** INPUT RECORDS follows **
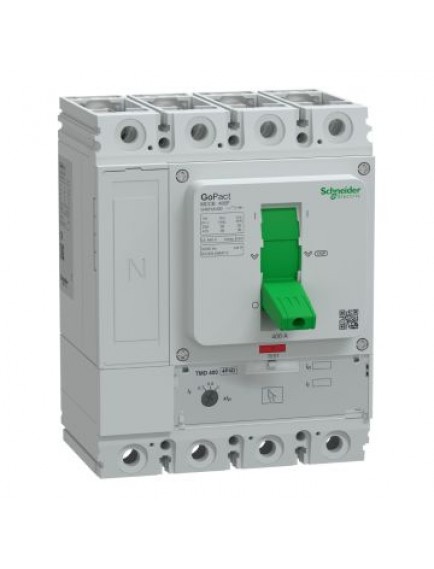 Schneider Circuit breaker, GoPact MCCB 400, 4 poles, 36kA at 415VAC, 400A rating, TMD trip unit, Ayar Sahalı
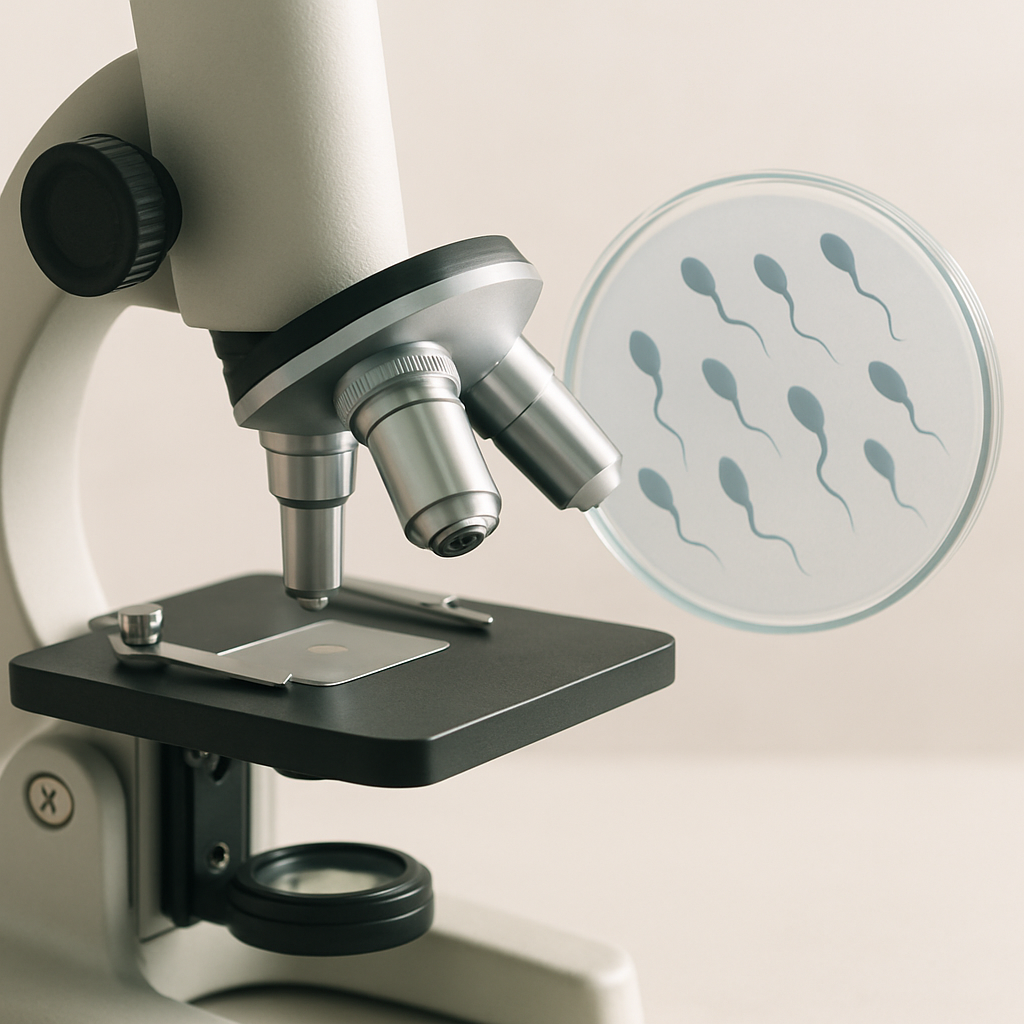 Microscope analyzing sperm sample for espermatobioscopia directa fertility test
** End of INPUT RECORDS **
** INPUT RECORDS follows **
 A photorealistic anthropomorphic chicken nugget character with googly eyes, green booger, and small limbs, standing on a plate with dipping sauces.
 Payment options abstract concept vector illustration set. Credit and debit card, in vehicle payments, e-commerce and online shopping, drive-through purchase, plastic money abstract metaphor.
** End of INPUT RECORDS **
** INPUT RECORDS follows **
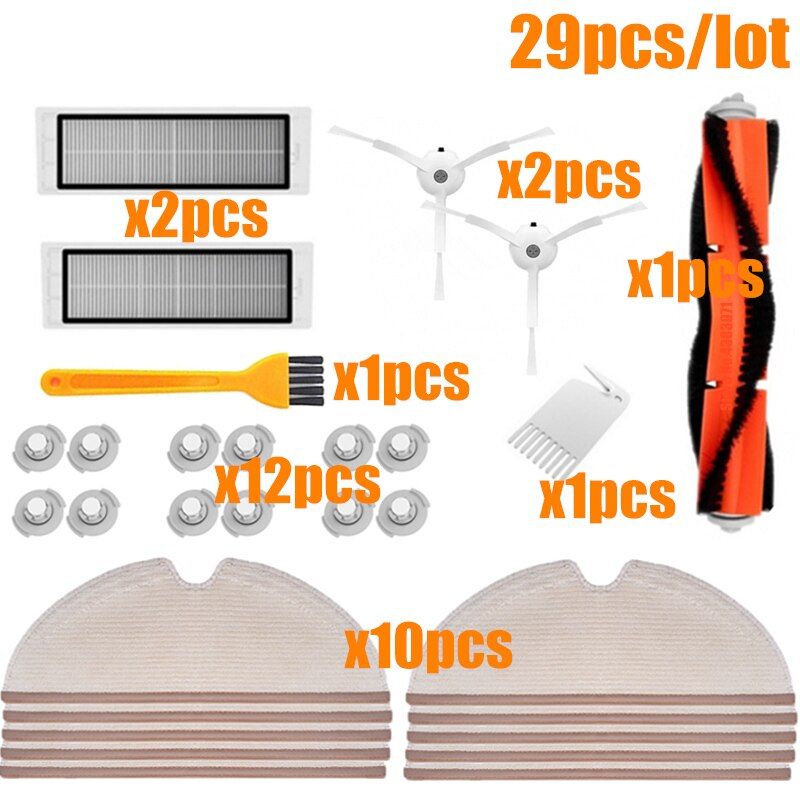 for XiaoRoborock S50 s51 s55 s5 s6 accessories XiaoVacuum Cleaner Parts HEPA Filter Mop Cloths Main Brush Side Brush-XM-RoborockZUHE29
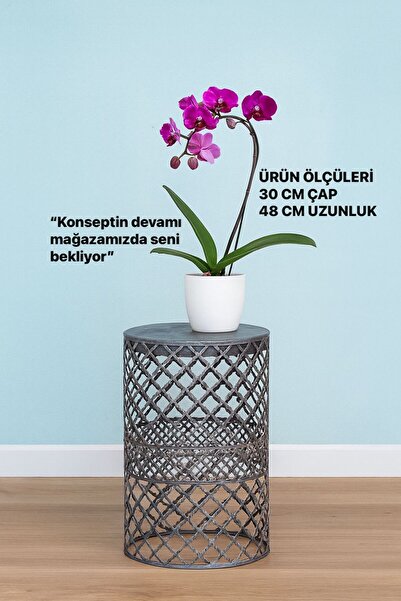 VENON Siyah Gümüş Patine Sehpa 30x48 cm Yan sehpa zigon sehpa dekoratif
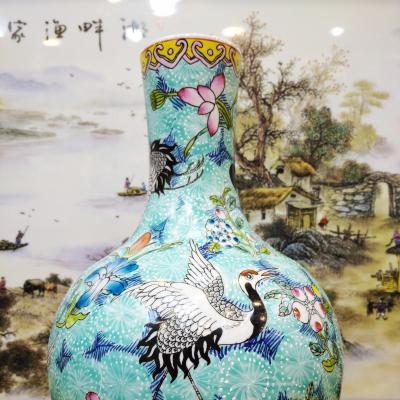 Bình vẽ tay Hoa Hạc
** End of INPUT RECORDS **
■ ASSIGNMENT
From the records above, copy only the lines running from the line containing "Schneider Circuit breaker, GoPact" to the line containing "Microscope analyzing sperm", both ends included. Leave the pictures out.

■ TASK OUTPUT
 Schneider Circuit breaker, GoPact MCCB 400, 4 poles, 36kA at 415VAC, 400A rating, TMD trip unit, Ayar Sahalı
 Microscope analyzing sperm sample for espermatobioscopia directa fertility test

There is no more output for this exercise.